Leaving out all pictures, write out word for word the lines from the one containing "a bathroom with a shower" to the end of the data below.

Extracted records
------------

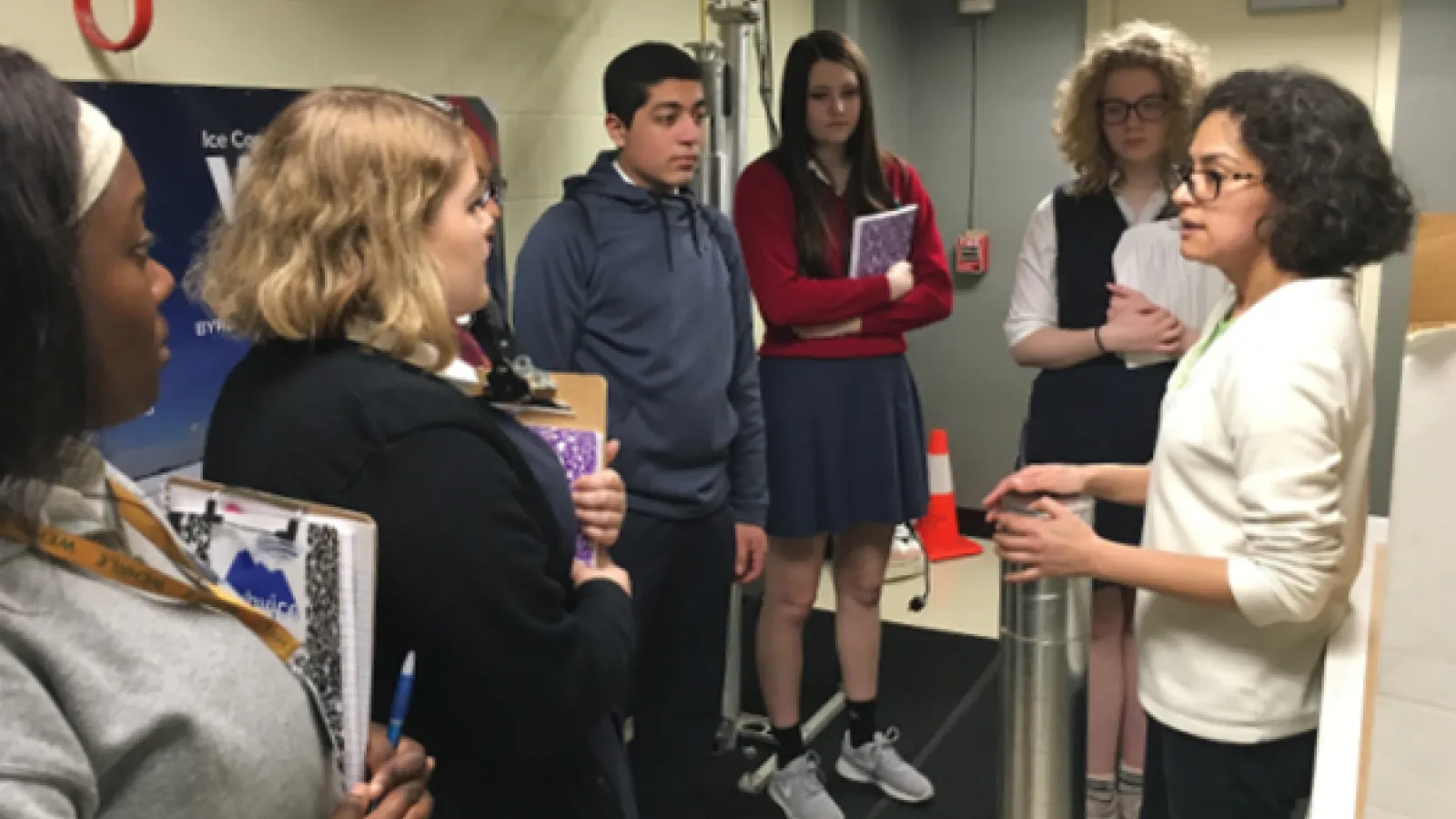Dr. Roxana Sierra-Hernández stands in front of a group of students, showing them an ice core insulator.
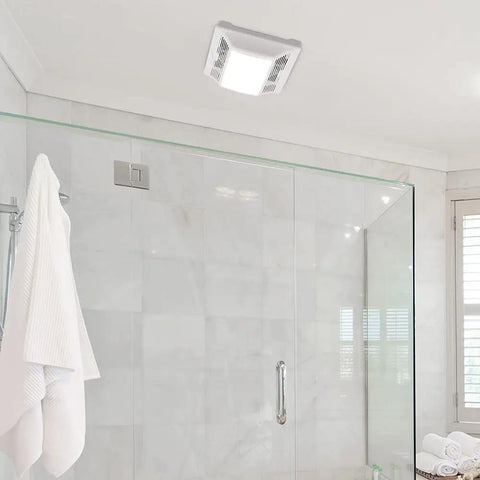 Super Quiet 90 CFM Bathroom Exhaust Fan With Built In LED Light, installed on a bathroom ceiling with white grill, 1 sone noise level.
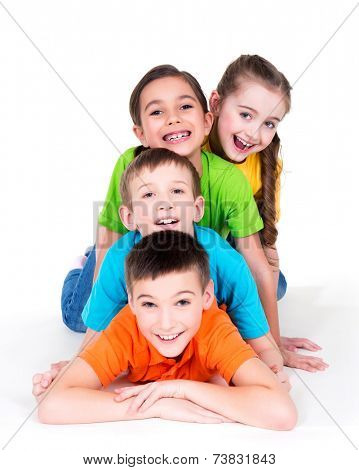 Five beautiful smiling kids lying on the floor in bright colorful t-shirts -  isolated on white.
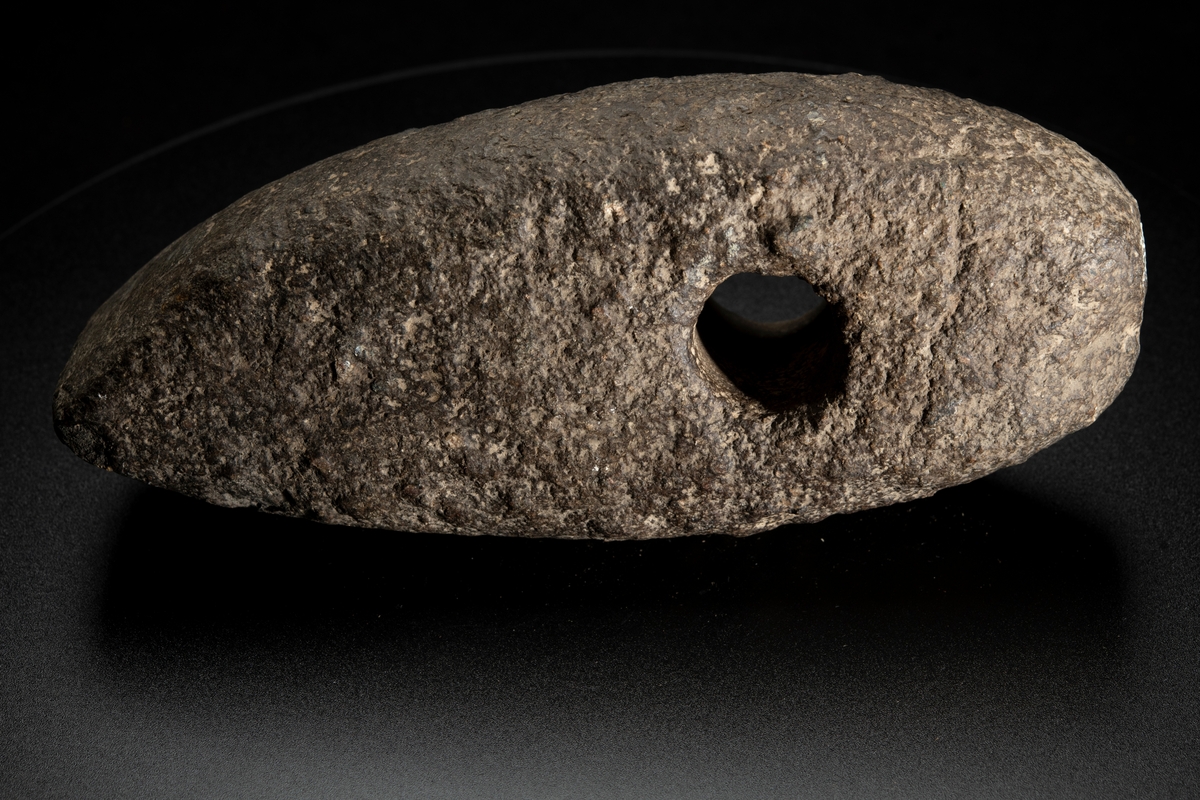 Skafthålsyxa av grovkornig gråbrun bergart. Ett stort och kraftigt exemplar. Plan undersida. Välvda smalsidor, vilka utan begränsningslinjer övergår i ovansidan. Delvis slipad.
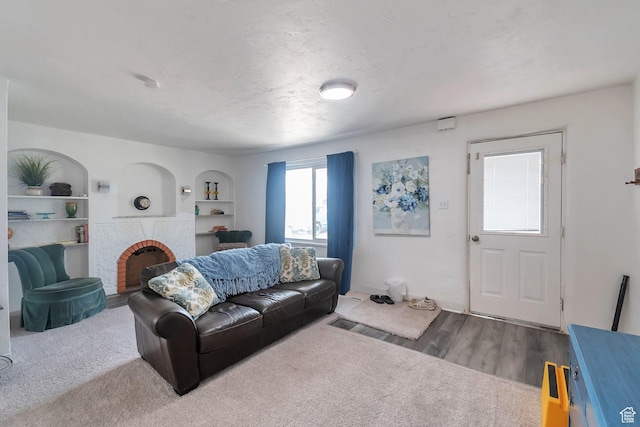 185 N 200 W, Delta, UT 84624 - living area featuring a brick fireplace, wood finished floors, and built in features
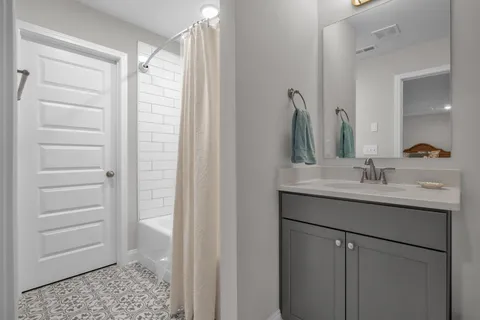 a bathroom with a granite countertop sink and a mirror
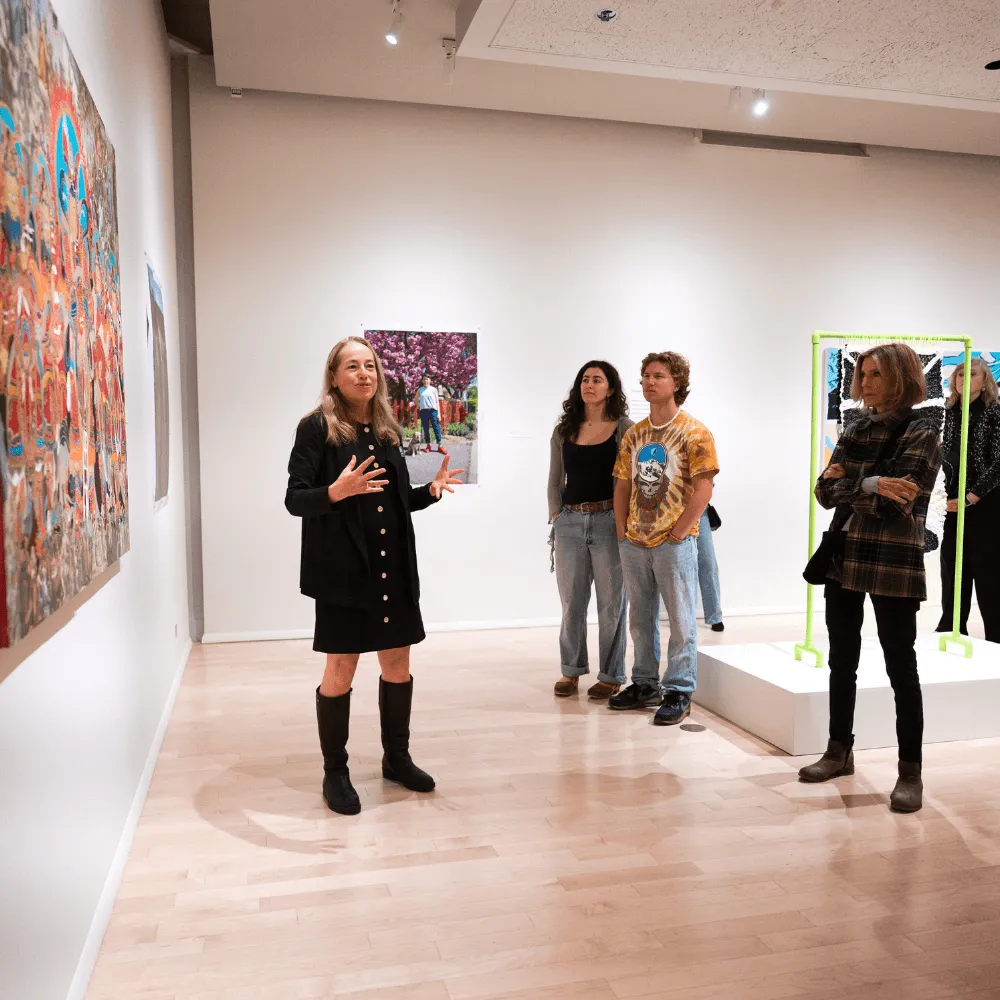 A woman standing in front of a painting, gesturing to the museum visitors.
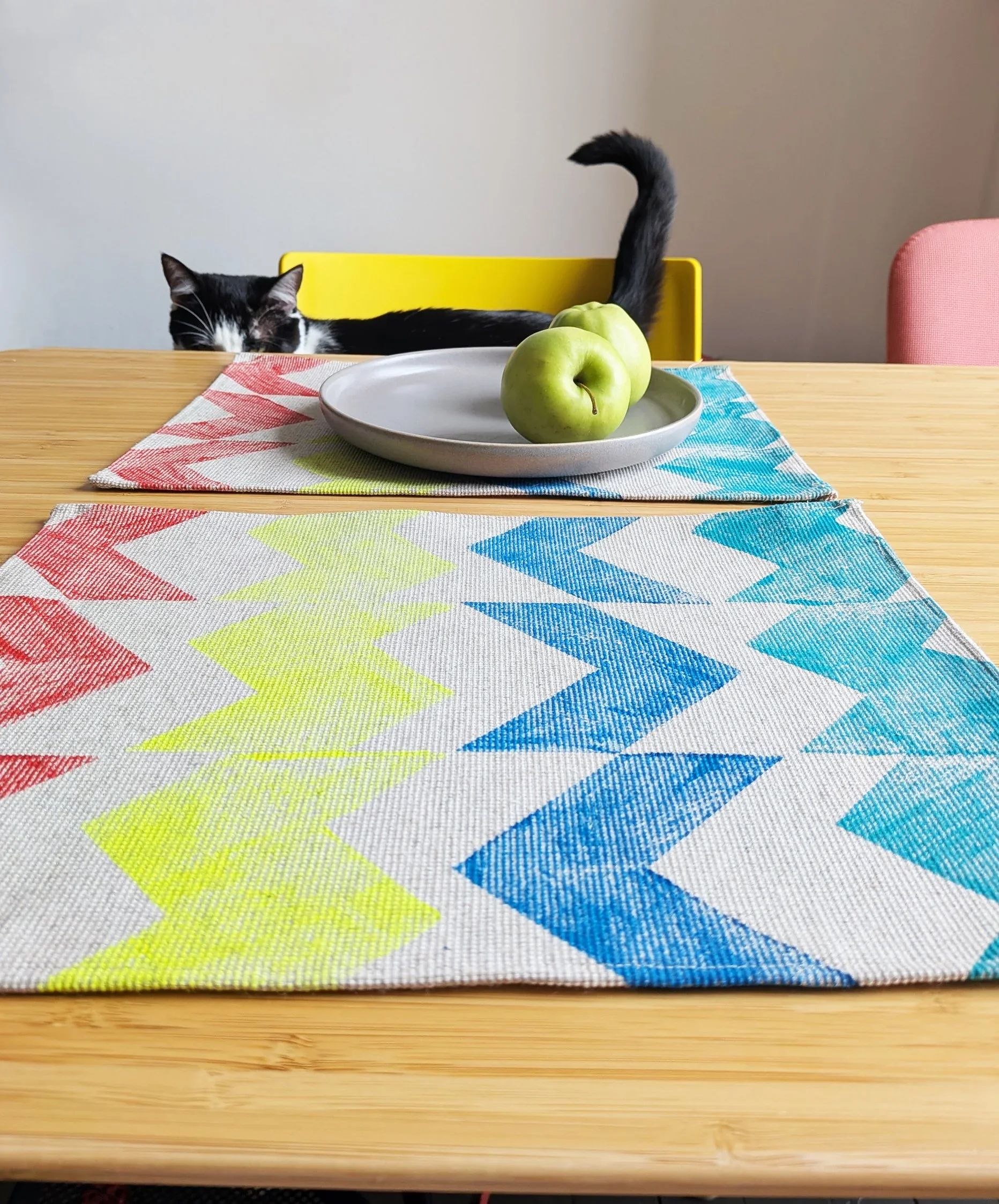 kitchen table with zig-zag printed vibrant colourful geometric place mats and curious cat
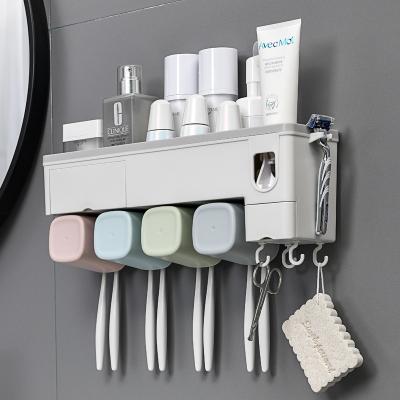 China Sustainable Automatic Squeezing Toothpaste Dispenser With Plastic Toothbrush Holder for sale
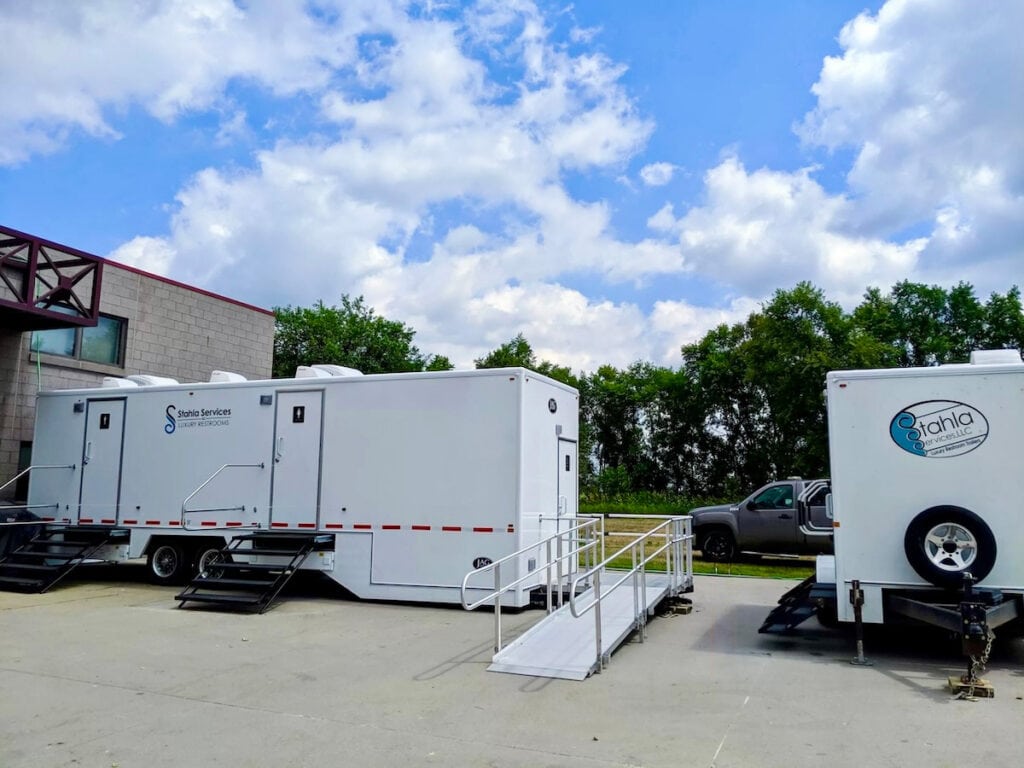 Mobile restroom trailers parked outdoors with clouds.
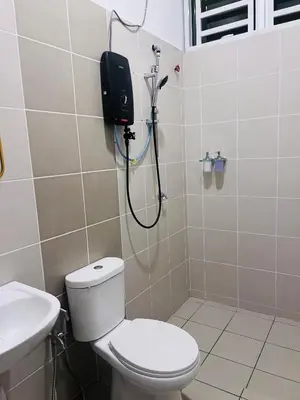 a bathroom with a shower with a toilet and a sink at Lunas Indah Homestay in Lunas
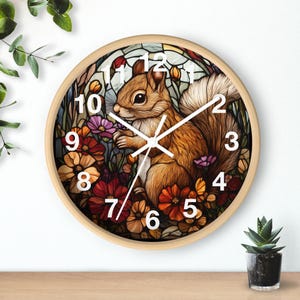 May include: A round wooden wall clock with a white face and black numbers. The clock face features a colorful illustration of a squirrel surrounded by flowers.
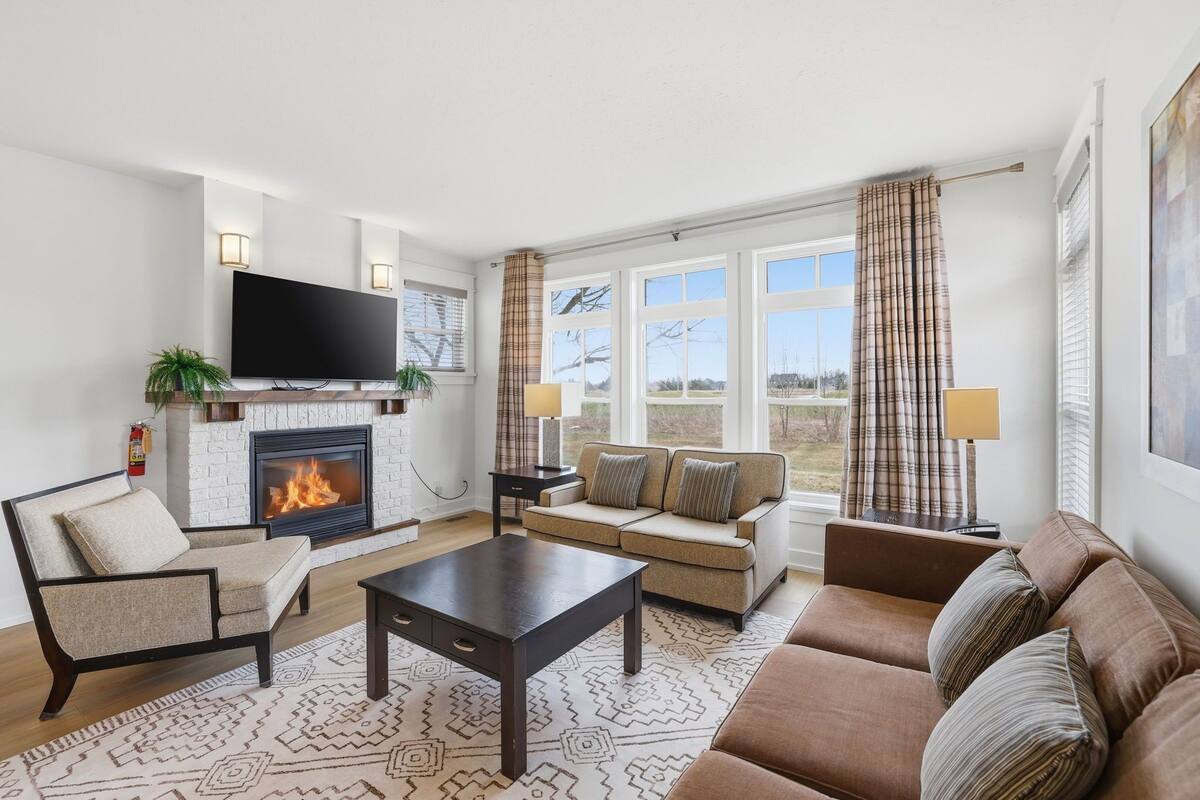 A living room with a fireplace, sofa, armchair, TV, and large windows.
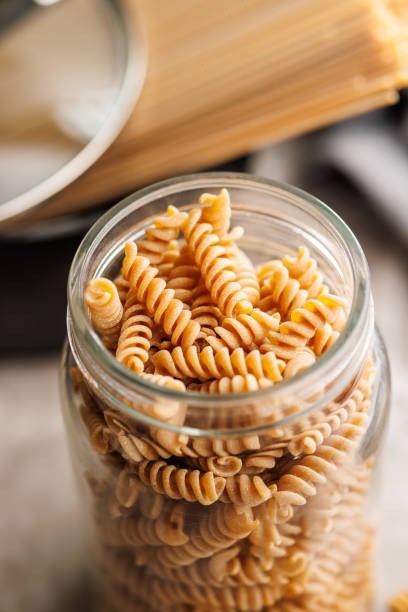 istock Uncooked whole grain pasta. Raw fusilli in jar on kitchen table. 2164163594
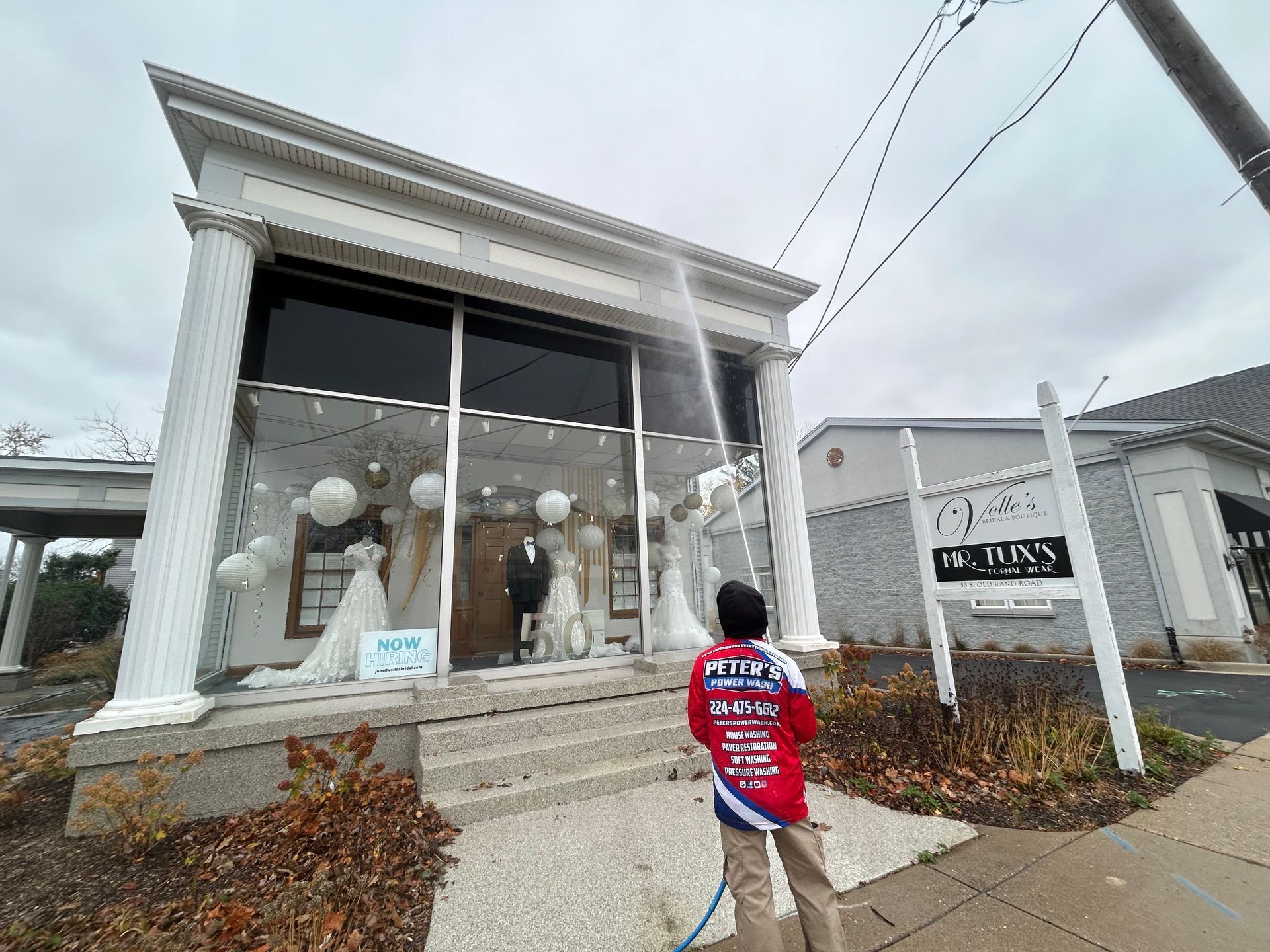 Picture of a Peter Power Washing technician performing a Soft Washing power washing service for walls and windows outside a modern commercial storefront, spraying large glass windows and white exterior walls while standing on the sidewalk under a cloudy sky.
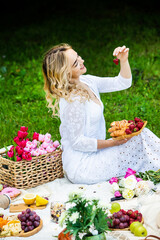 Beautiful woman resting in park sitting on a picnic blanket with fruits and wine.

------------

## SOLUTION FOR THIS TASK
 a bathroom with a shower with a toilet and a sink at Lunas Indah Homestay in Lunas
 May include: A round wooden wall clock with a white face and black numbers. The clock face features a colorful illustration of a squirrel surrounded by flowers.
 A living room with a fireplace, sofa, armchair, TV, and large windows.
 istock Uncooked whole grain pasta. Raw fusilli in jar on kitchen table. 2164163594
 Picture of a Peter Power Washing technician performing a Soft Washing power washing service for walls and windows outside a modern commercial storefront, spraying large glass windows and white exterior walls while standing on the sidewalk under a cloudy sky.
 Beautiful woman resting in park sitting on a picnic blanket with fruits and wine.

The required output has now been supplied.